In the early 1920s, Naramata, B.C. was the site of a combined theatre and fruit-packing business founded by a central Canadian who (in 1908) had transplanted himself there for a health cure. In the few years that Home Theatre existed, Aikins, a cultural nationalist, trained Canadian actors in Canadian productions, earning it media recognition as this country’s first national theatre.

Before returning to Central Canada (where he would become artistic director of Toronto’s Hart House Theatre by the end of the decade) Aikins also wrote at least five plays. Editor Kailin Wright speculates, credibly, that The God of Gods was the sole Aikins play to be produced because it alone has an all-Indigenous cast of characters.

Carroll Aikins (1888-1967). Courtesy of Hart House Theatre, Toronto

Wright’s comprehensive edition is part of The Canadian Literature collection, a series of 19th – mid 20th century literary texts previously out of print or unpublished. Wright’s scholarly introduction is extensive, insightful, and meticulously detailed, reading the play in the contexts of, for example, primitivism, modernism, and theosophy. The script is also complemented by explanatory and textual notes and primary material such as production shots, reproductions of playbills, reviews, and the like. Wright’s combination of popular and academic approaches sits well with this reviewer.

Written at Naramata in 1918 and set in an indeterminate time and place, The God of Gods is a love triangle/tragedy that pits wealth, power and pseudo-religion against art, beauty, and spirituality. Protagonist Suiva, who is physically beautiful, spiritually rich, and materially poor, is the object of the affections of both Malbo, the son of Chief Amburi, and Yellow Snake, a singer and poet. Suiva initially handles the situation strategically, issuing each suitor a challenge that requires them to exercise faculties they rarely use. While Yellow Snake cannot literally succeed in his challenge, he does succeed imaginatively. When the gluttonous and physically and mentally lazy Malbo quickly fails in his challenge, Suiva summarily dismisses him and declares her love for Yellow Snake.

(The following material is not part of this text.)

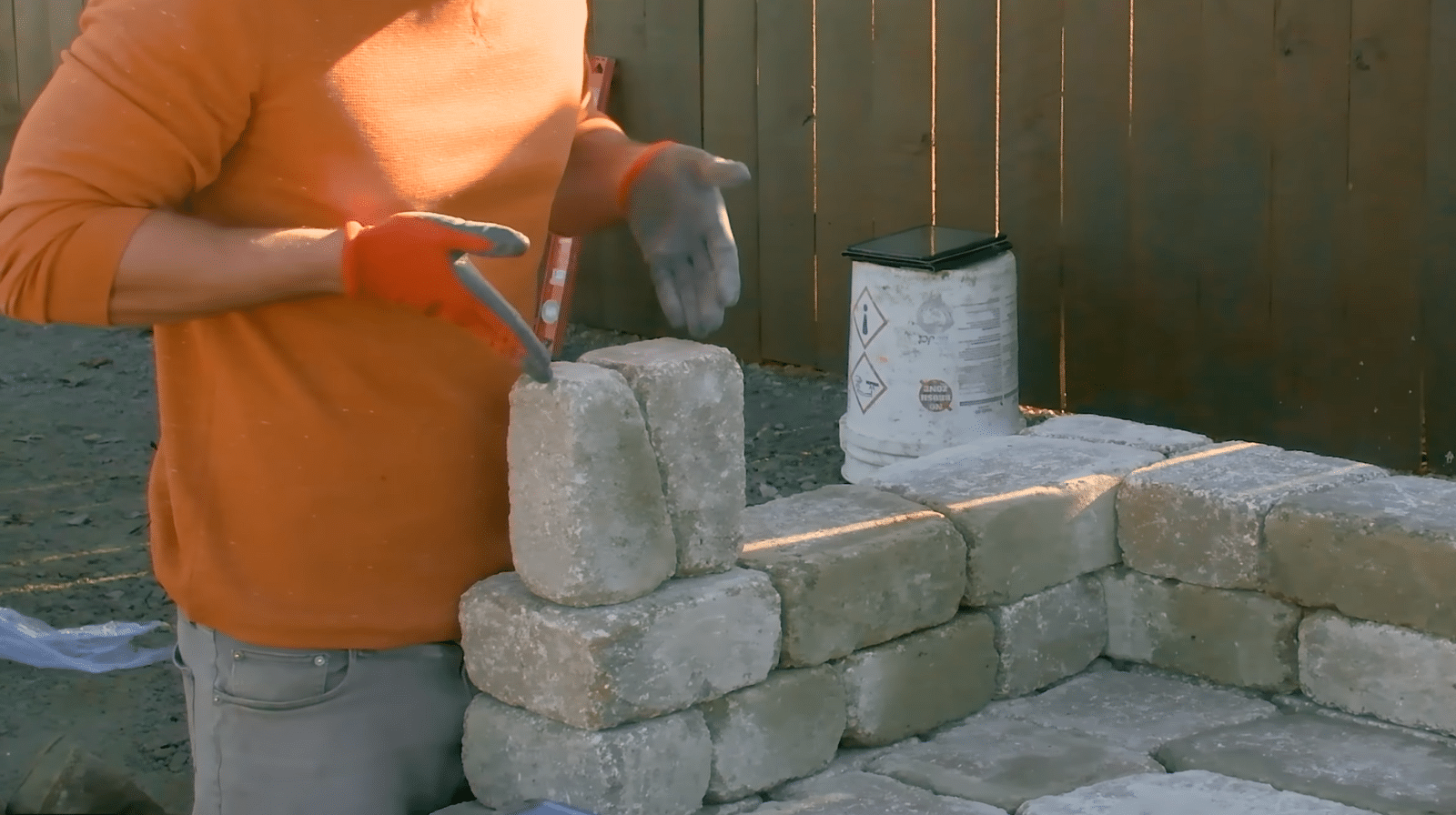 Step 3 Stack Fireplace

An early postcard of the orchards at Naramata, circa 1912
Carroll Aikins and his wife Katherine in their E-M-F touring car at Naramata, circa 1912

However, the lovers’ joy is short lived. Malbo, in league with the outgoing priestess of the God of Gods, Waning Moon, and Suiva’s mother, Kotowi (who, Suiva learns later, has agreed to sell her daughter to Malbo), plots to make Suiva Waning Moon’s replacement. By the end of Act 1, Malbo has abducted Suiva. As the custom is that the virgin priestess must be gated, and the Chief’s son is the only male allowed inside the gate, Malbo seems to be assuring his victory in this contest.

Act 11 begins with Suiva not only resigned to her fate, but dutiful in preparation for her new role. She conveys a message to Yellow Snake, who waits at the gate with a bow and arrow: although she will love him forever, he must leave and never return.

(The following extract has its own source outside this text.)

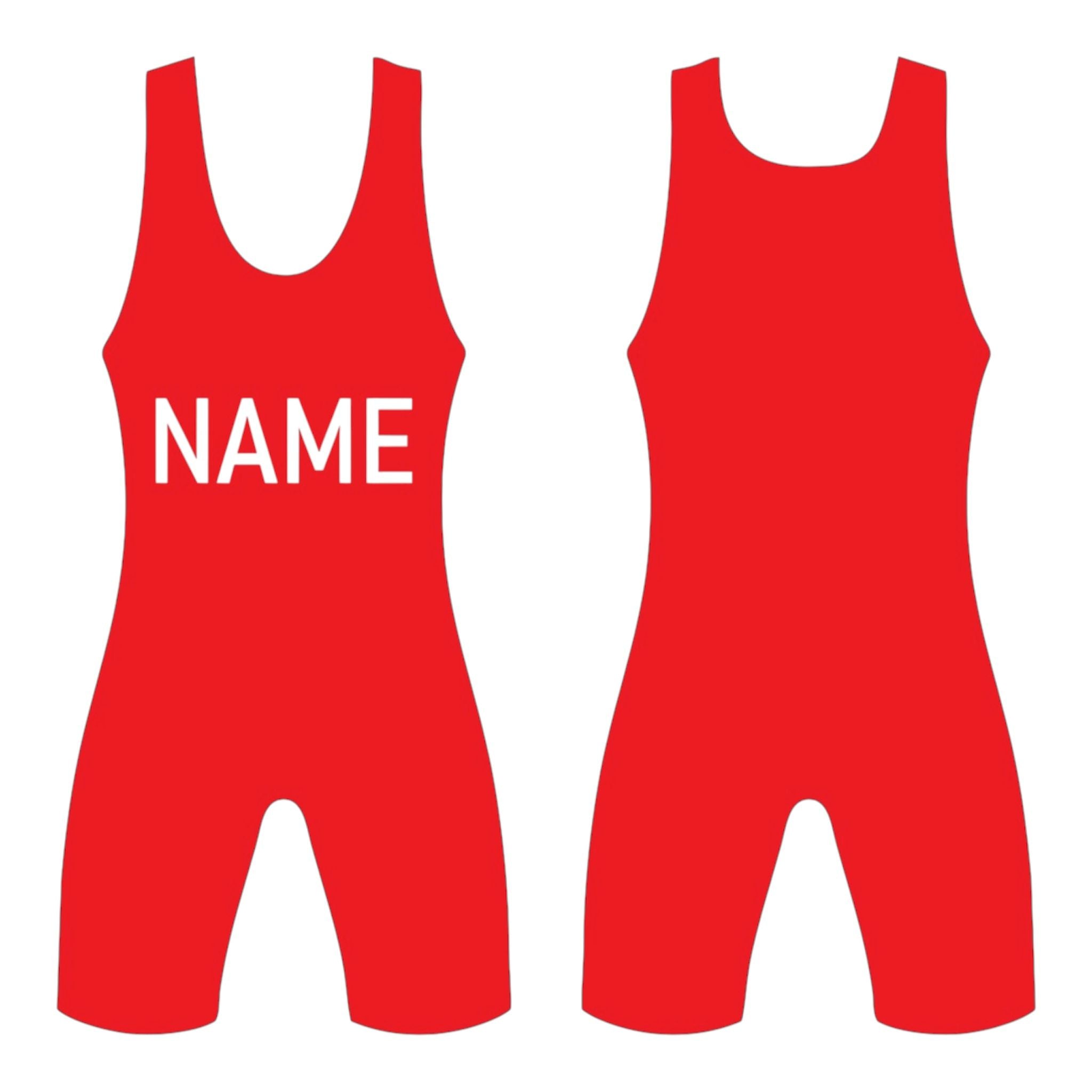 Stoei-enkelhemp, rekbaar, rooi met naam, pasgemaakte kleure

Modern view of the Aikins’ stone house at Naramata named Reka Dom — Russian for “by the water”

Waning Moon proves a most instructive coach on the roles and responsibilities of the priestess position. While the priestess must tend Malbo’s fire and not love or be loved by men, in her primary mission to deliver God’s message to the people (who must obey or die) she has the power to interpret what God might mean in light of what the people might want to hear. The spiritual waters are becoming murky here.

There is more cause for scepticism as the two women prepare for Suiva’s induction ceremony, yet Suiva remains steadfast in her commitment to duty. Yellow Snake enters unseen, but eventually makes himself known — declaring his love and challenging the power of “the stone god.” He also informs Suiva of her mother’s betrayal, begs her not to take vows, and exits.

The stage back-lit at the Home Theatre at Reka Dom, circa 1920. Courtesy discovernaramata.com

But Suiva’s faith and the powers-that-be prevail: the ceremony proceeds, with Amburi, Malbo, and a throng of worshippers present, and Waning Moon dominating the proceedings. At the point when Suiva vows to renounce all men and serve the God of Gods, Yellow Snake (again a secret witness) can restrain himself no longer, and Act 11 ends with Amburi (unbeknownst to Suiva) ordering Malbo to kill Yellow Snake.

Act 111 opens with Waning Moon training Suiva in fire tending. Idealist Suiva believes she will die if she allows the fire to extinguish. Pragmatist Waning Moon admits to having been too drunk, often, to worry about such things, and proceeds to disavow her protégé of many of her religious beliefs, to the point that it is clear that the priestess is the God of Gods in disguise: i.e., the God of Gods does not exist. Bereft and regretful, Suiva, who has also had to fend off Malbo’s sexual advances, finally faces the reality that the political, religious, and even familial systems to which she has been so faithful are hollow.

A modern view of Aikins Loop, Naramata, with Okanagan Lake behind

When Amburi learns that Malbo has killed Yellow Snake in a cowardly fashion (striking him unawares from behind) his rage overtakes any semblance of reason. Taking direction from Waning Moon, he orders his son to wear women’s clothing “for the passing of one moon.”

The Chief then orders that Yellow Snake’s body be shown to Suiva: if it appears she loved him, she must die to appease the God of Gods, who will otherwise punish the entire population.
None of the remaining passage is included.